== Segment start ==

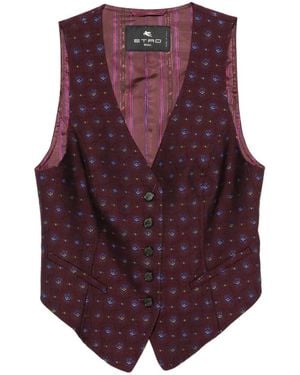 Etro Geometric-Pattern V-Neck Waistcoat - Purple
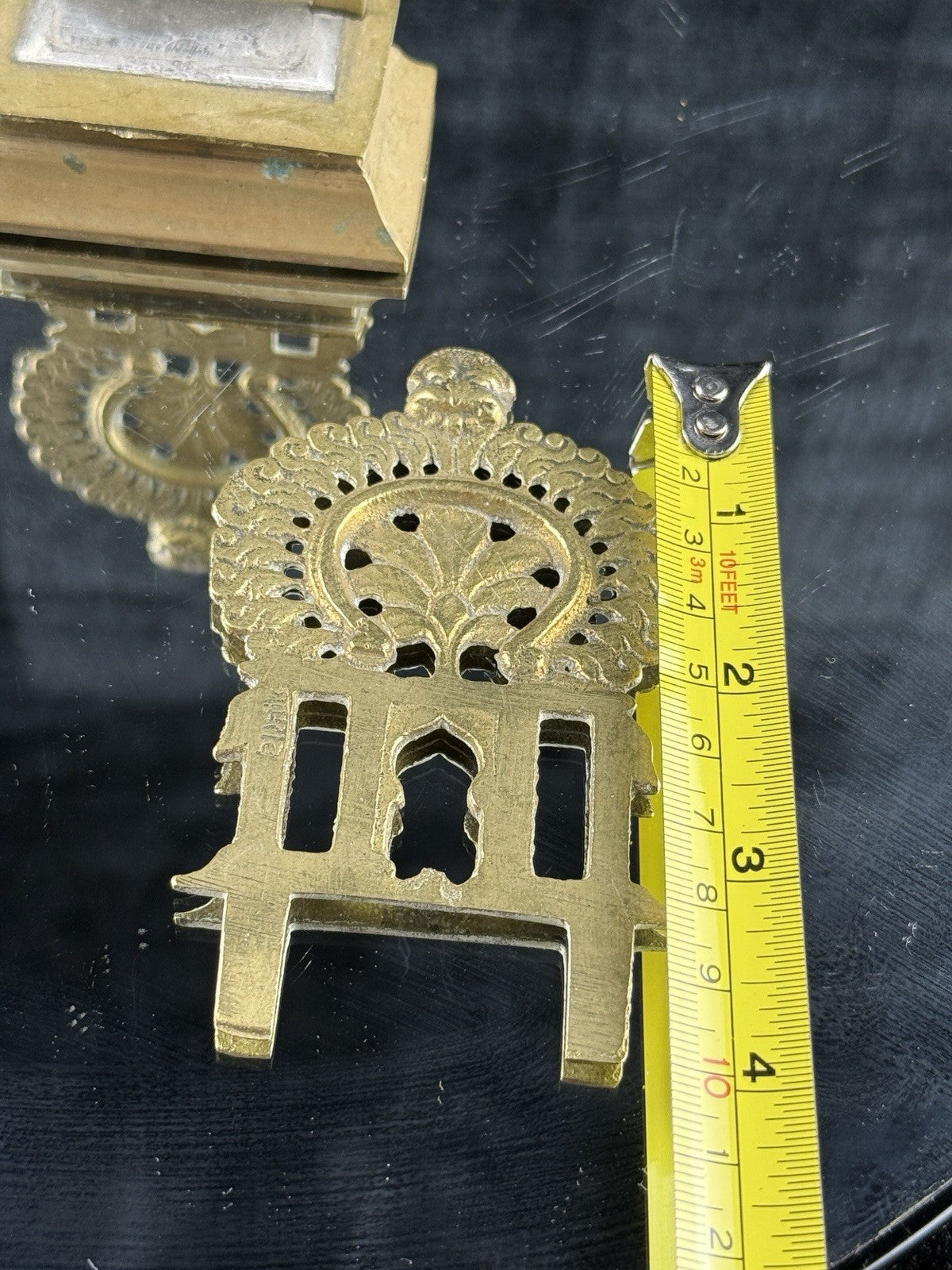 BIRH Brass Miniature Indian Throne Backrests Set of 3 Hindu Temple Art Vintage4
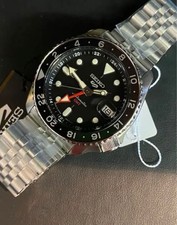 Seiko 5 Sports SBDC001 GMT Date St.Steel Blk Slv 100M Automatic Mens Watch Auth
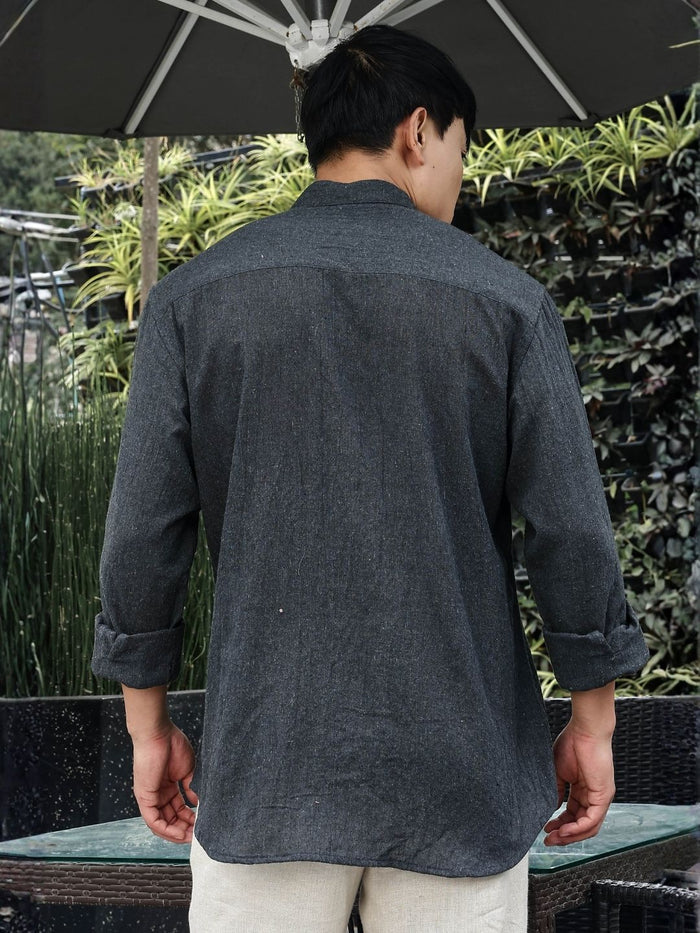 House Of Koala Charcoal Black Mandarin Collar Relaxed Fit Linen Blend Shirt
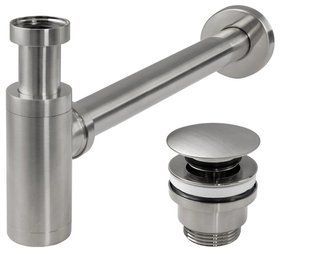 Сифон для раковины Rea nickel brushed универсальный + click-clack REA-A4400, Зеленый матовый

== Segment end ==

▸ **TASK DESCRIPTION**
A word-for-word repeat is expected of the lines from the one with "BIRH Brass Miniature" to the end of the data, both included; pictures are not part of it.

▸ **EXPECTED ANSWER**
 BIRH Brass Miniature Indian Throne Backrests Set of 3 Hindu Temple Art Vintage4
 Seiko 5 Sports SBDC001 GMT Date St.Steel Blk Slv 100M Automatic Mens Watch Auth
 House Of Koala Charcoal Black Mandarin Collar Relaxed Fit Linen Blend Shirt
 Сифон для раковины Rea nickel brushed универсальный + click-clack REA-A4400, Зеленый матовый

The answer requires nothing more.